ASSIGNED TASK ->
For this exercise, repeat the whole listing below exactly. Leave the pictures out.

ENTRIES SHOWN ->
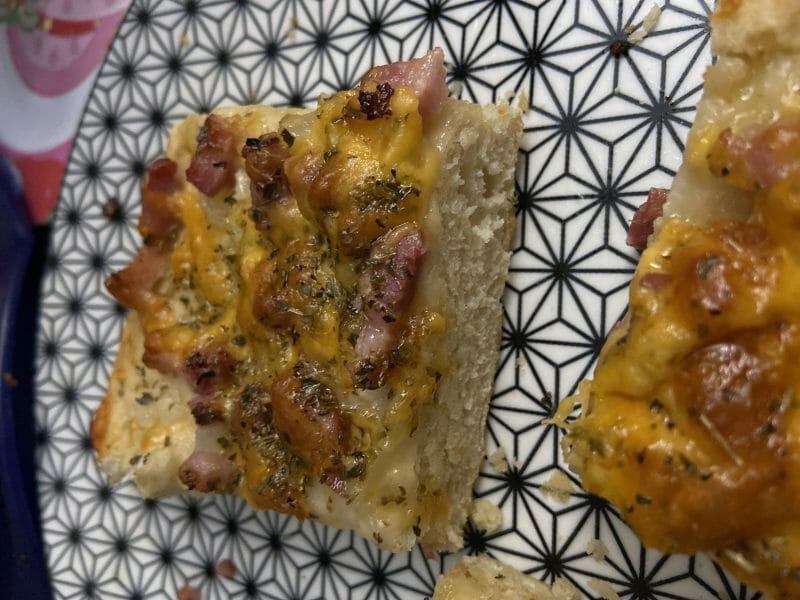 Cliquez pour zoomer ! Fougasse chèvre et lardons Thermomix par maeva_173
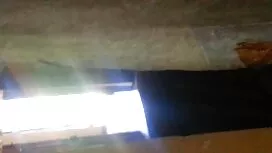 تنام معها بينما تعبث ...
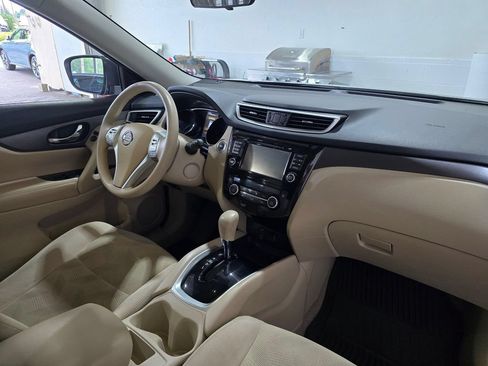 Used 2014 Nissan Rogue SV w/ SV Premium Package AWD/4WD image 31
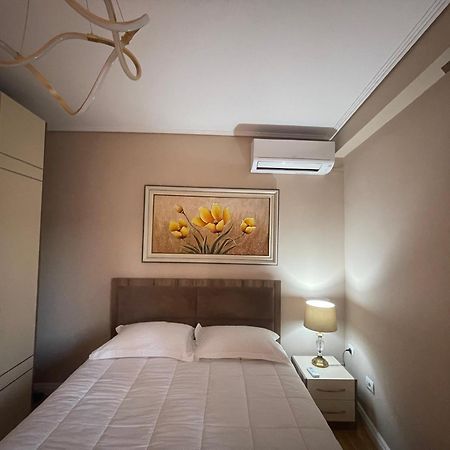 Deoni Apartment Luxury ティラナ エクステリア 写真
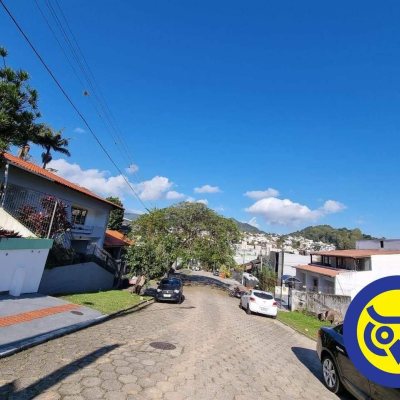 Terreno Comercial/Residencial com 912m², no bairro Carvoeira em Florianópolis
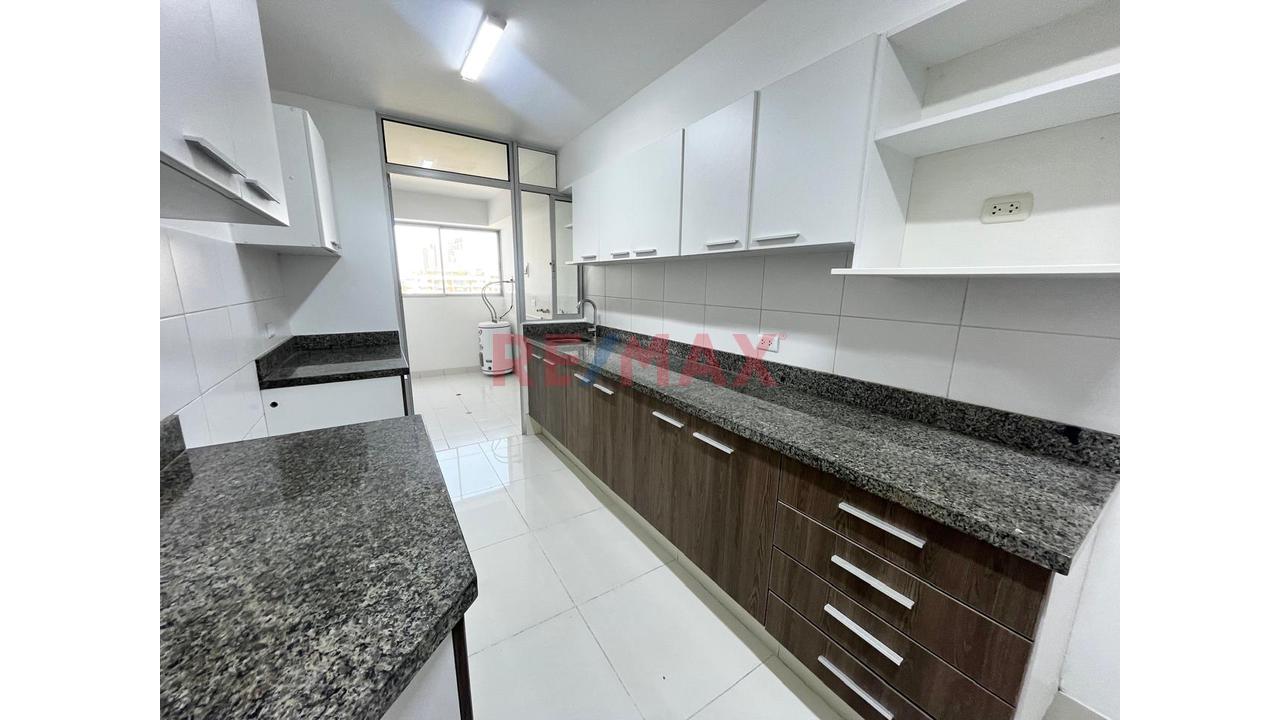 Venta Departamento En Av Javier Prado Oeste  - Vista Exterior - San Isidro — foto 8
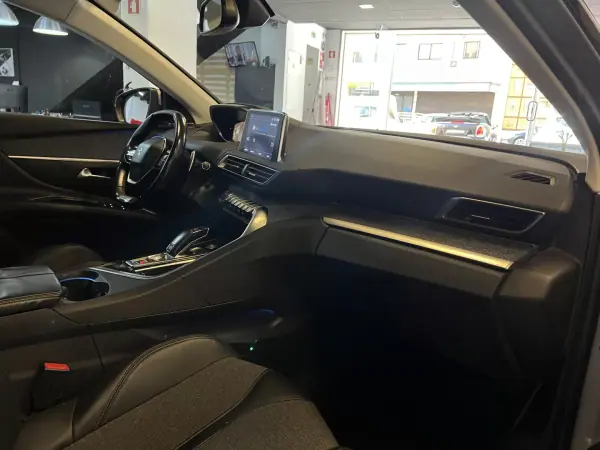Peugeot 3008 2018 - 18490 EUR, 170000 km - AUTO.MOTO.pt - 170000km - foto 8 de 44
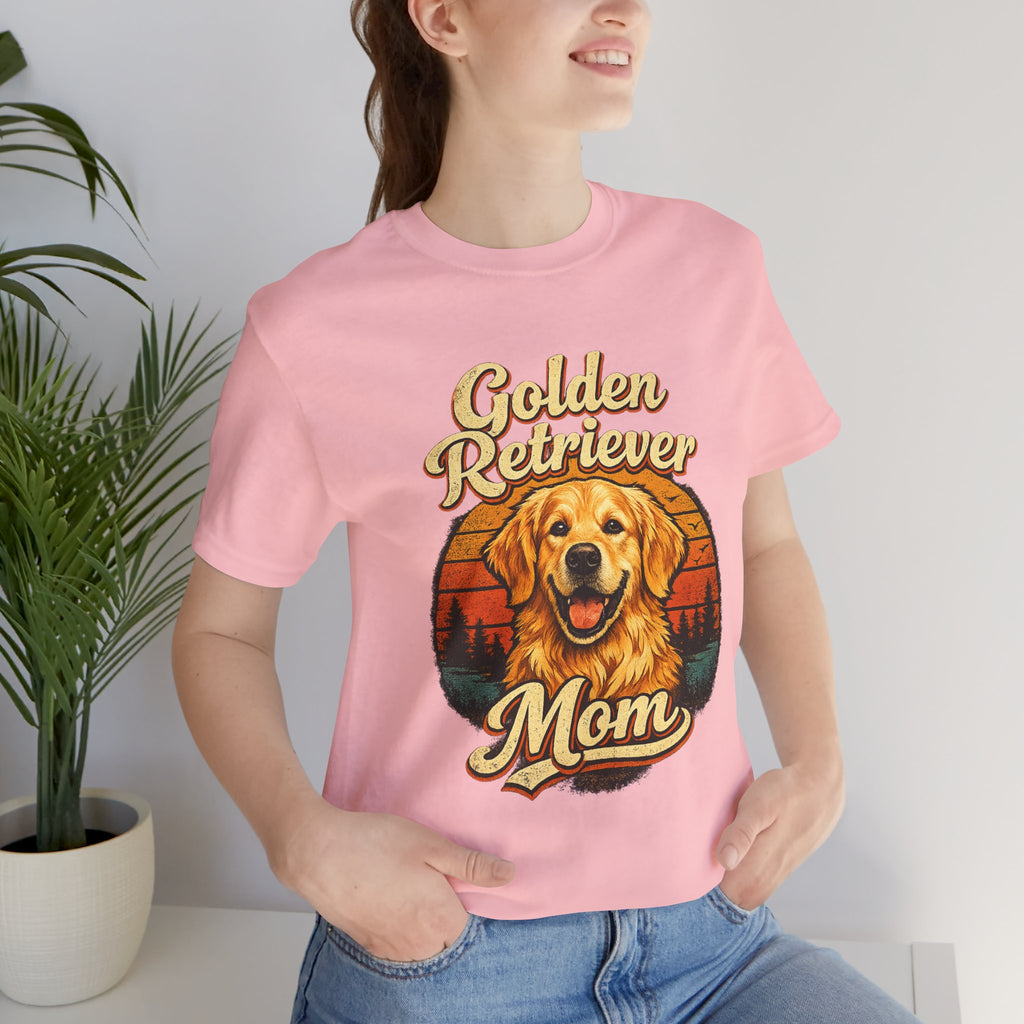 Golden Retriever Mom T-Shirt — Retro Dog Mom Tee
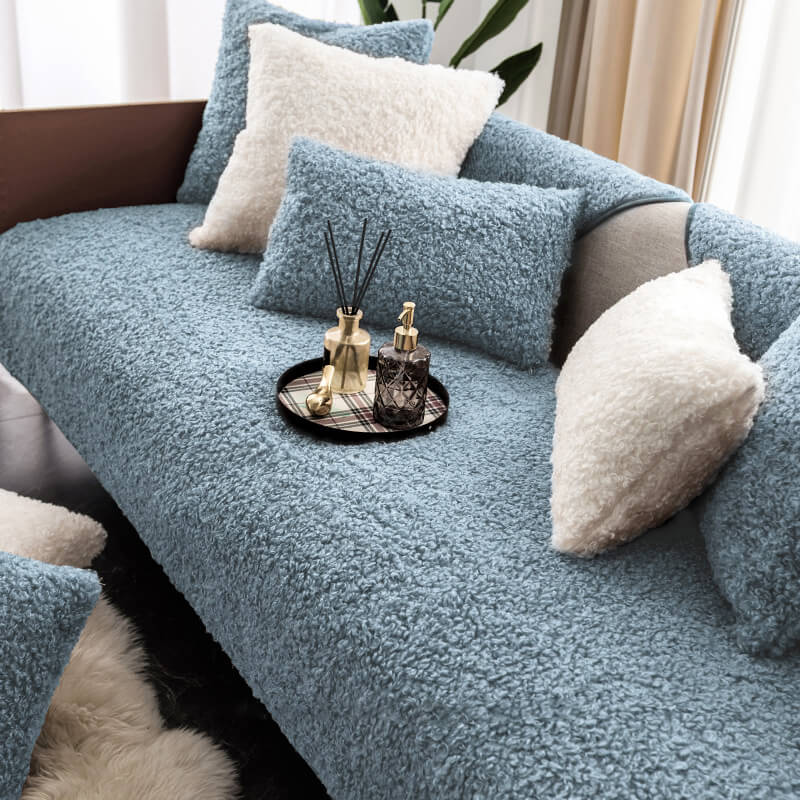 Rutschfeste Sofaabdeckung aus Fleece, idealer Möbelschutz vor Abnutzung und Schmutz, haustierfreundlich.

WRITTEN SOLUTION ->
 Cliquez pour zoomer ! Fougasse chèvre et lardons Thermomix par maeva_173
 تنام معها بينما تعبث ...
 Used 2014 Nissan Rogue SV w/ SV Premium Package AWD/4WD image 31
 Deoni Apartment Luxury ティラナ エクステリア 写真
 Terreno Comercial/Residencial com 912m², no bairro Carvoeira em Florianópolis
 Venta Departamento En Av Javier Prado Oeste  - Vista Exterior - San Isidro — foto 8
Peugeot 3008 2018 - 18490 EUR, 170000 km - AUTO.MOTO.pt - 170000km - foto 8 de 44
 Golden Retriever Mom T-Shirt — Retro Dog Mom Tee
 Rutschfeste Sofaabdeckung aus Fleece, idealer Möbelschutz vor Abnutzung und Schmutz, haustierfreundlich.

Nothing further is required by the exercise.